It was because of that message I sent Tim, where he took no accountability.
That was my last-ditch effort to be like, let's see if you have some humanity in you.
And I was like, you know what? I'm just going to put it out there. People need to know.
I put it out there like, hey, please stop letting this man watch or come near your children.
I know he seems like the most wonderful
man in the world because he's very charming and manipulative, but he's not. You need to
be so careful with him.
You used his real name in the TikTok?
Yes. And I put a picture of him.
Did he respond when you sent the message and you're just basically like, of course you
take no accountability?
No, that was it. And I don't think he saw my TikTok originally
because I unfriended him and all that.
But then my friend, who I love dearly,
she went and found all of his friends on Facebook
and sent my TikTok to all of them,
including his long lost sister
he had just gotten in contact with two years prior,
who he was so excited to be in contact with.
I'm sure he got some messages.
So he blocked me after that.
I don't think he expects me to go on this podcast or he definitely didn't expect me to make a
TikTok so I'm glad that he blocked me after that because I'm like people are
gonna know who you are. That only got like 13,000 views. I hope he's scared. I
hope he doesn't even know about it so he doesn't have time to somehow make up
some lies to counteract this in advance.
I've kind of been an open person, but like I wasn't one to really put that out there.
We used to be really embarrassed and that's why I applied. Something was wrong.
I need him out there.
People need to know the truth about him because otherwise what happened to me will have
happened for nothing essentially.
Like, yes, I'm a good mother despite all that.
And I love my kids and that made me probably a better mother because of what I went through.
I did what I could.

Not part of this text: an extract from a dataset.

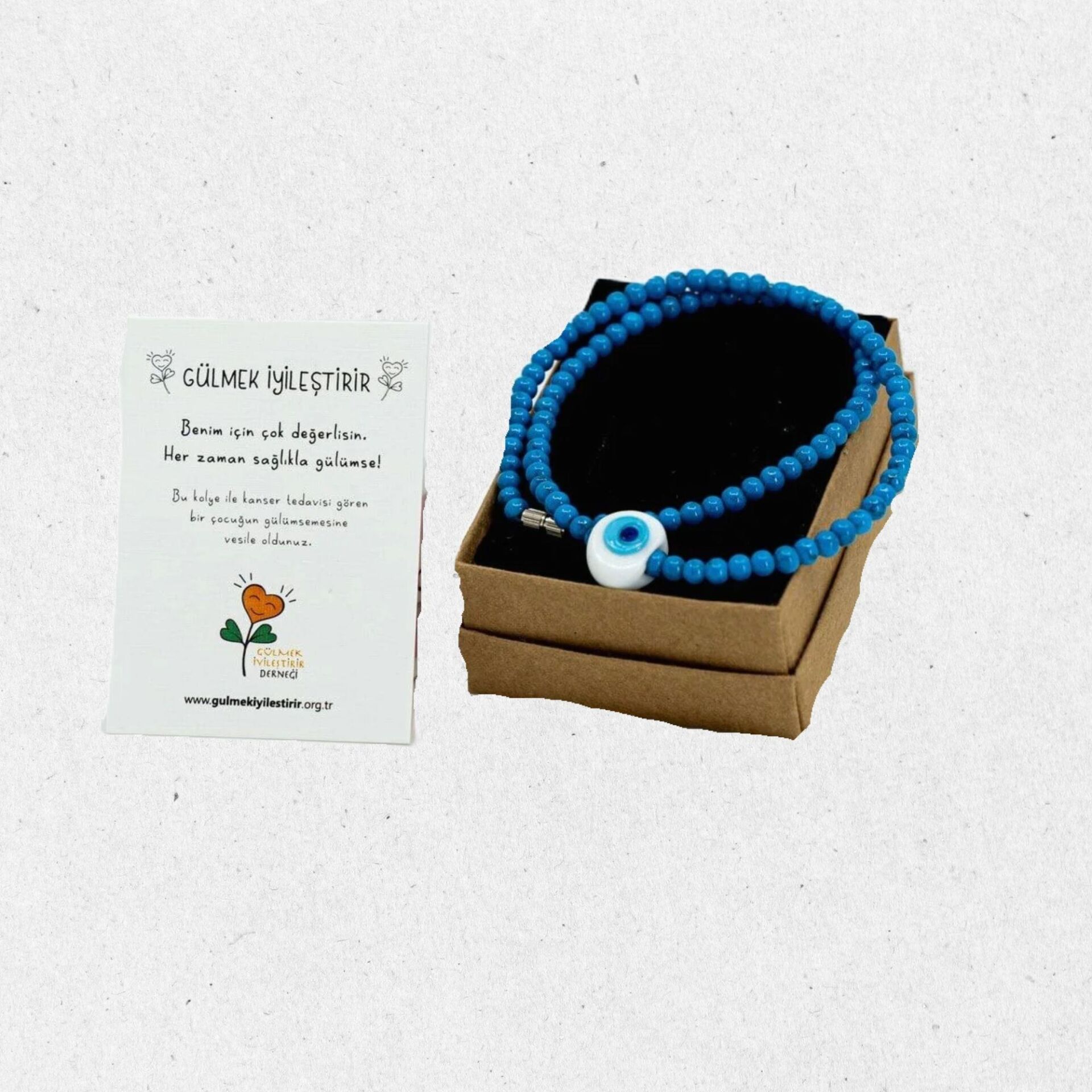 Otantik Cam Mavi Boncuklu, El İşçilği Kolye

I just feel like I'm not doing enough.
He's on no sex registry, yet he has this prevalent history of doing this over and over again.
But if you were to look him up, there's nothing that would really tie him to that except the
charge. You can see the charge of child molestation, but you see that it was dismissed. So you could look at that and be like, oh, it was a
misunderstanding. In the CPS report, it says, my grandma, Ms. Roberts said that she is willing to
petition for custody and will do whatever it takes to keep her granddaughter safe. Ms. Roberts said
that Ronnie has been in trouble before. She said that the victim was six years old and there was a hung jury so he got away with
it.
Miss Robert said that there was a 15 year old girl that Ronnie would write letters to
while misled my mom was pregnant with her youngest child.
Miss Robert said that Ronnie's cousin's daughter, the one who was 10, said that Ronnie
touched her but that uncle said that he did not believe it.
Kristen's mother wanted custody of
Kristen because she was afraid that Ronnie would do that. So my mother she definitely had an idea
that it was happening. Miss Roberts said that Kristen's mother was murdered because she was
trying to leave her boyfriend so she could get Kristen back. Miss Roberts said that the judge
ordered Mr. Blood not to take the children out of Lake County, which he did. I guess they tried to
reach out to the caseworker
for the 2002 case, but they were never able
to get in contact with her.
I had talked to the police officer a few weeks ago
at this point, who was in charge of my case.
He did a horrible job.
He didn't own that, but like that's what my family,
who was in the courtroom said.
They asked him like, did you investigate this instance
that she said happened? And he was like, no. I called him. He finally calls me back. I'm like, oh,
do you remember me? And he like pretended to remember me, which becomes very obvious
five seconds into the conversation. So I was like, okay, do you remember what happened with
that case? And he's like, yeah, yeah, yeah. I was like, do you remember why he didn't
get convicted? He was like, oh, you know, I think we had the wrong guy.
They actually ended up being somebody else who did it.
I was like, no, no, no, no, no.
I'm going to be understanding because this was a long time ago.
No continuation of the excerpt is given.